Data shown Block Start

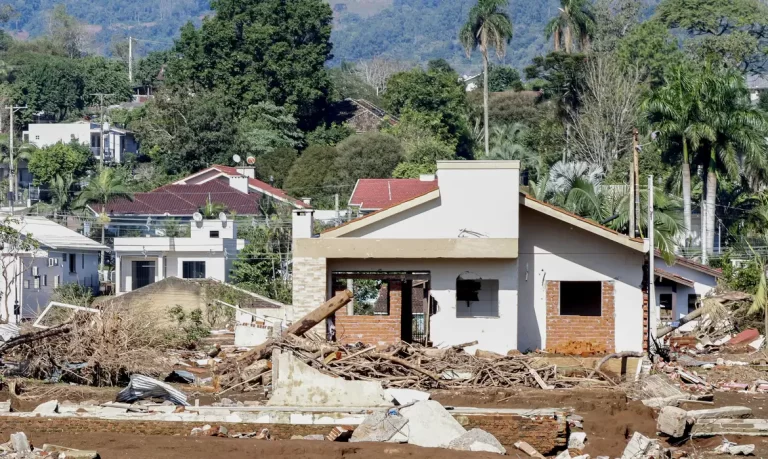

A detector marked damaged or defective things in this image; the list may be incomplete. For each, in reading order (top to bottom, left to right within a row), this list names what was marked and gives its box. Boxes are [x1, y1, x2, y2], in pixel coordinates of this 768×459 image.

damaged white house [290, 162, 720, 356]
broken concrete chunk [268, 354, 390, 408]
broken concrete chunk [32, 400, 58, 416]
broken concrete chunk [388, 388, 428, 406]
broken concrete chunk [350, 412, 408, 444]
broken concrete chunk [400, 402, 464, 450]
broken concrete chunk [656, 408, 688, 440]
broken concrete chunk [9, 434, 29, 454]
broken concrete chunk [448, 430, 508, 454]
broken concrete chunk [516, 442, 544, 459]
broken concrete chunk [568, 434, 588, 452]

Data shown Block End

> Work to be completed
Retype every entry verbatim and exclude the pictures from the copy.

> Exercise output
A detector marked damaged or defective things in this image; the list may be incomplete. For each, in reading order (top to bottom, left to right within a row), this list names what was marked and gives its box. Boxes are [x1, y1, x2, y2], in pixel coordinates of this 768×459 image.

damaged white house [290, 162, 720, 356]
broken concrete chunk [268, 354, 390, 408]
broken concrete chunk [32, 400, 58, 416]
broken concrete chunk [388, 388, 428, 406]
broken concrete chunk [350, 412, 408, 444]
broken concrete chunk [400, 402, 464, 450]
broken concrete chunk [656, 408, 688, 440]
broken concrete chunk [9, 434, 29, 454]
broken concrete chunk [448, 430, 508, 454]
broken concrete chunk [516, 442, 544, 459]
broken concrete chunk [568, 434, 588, 452]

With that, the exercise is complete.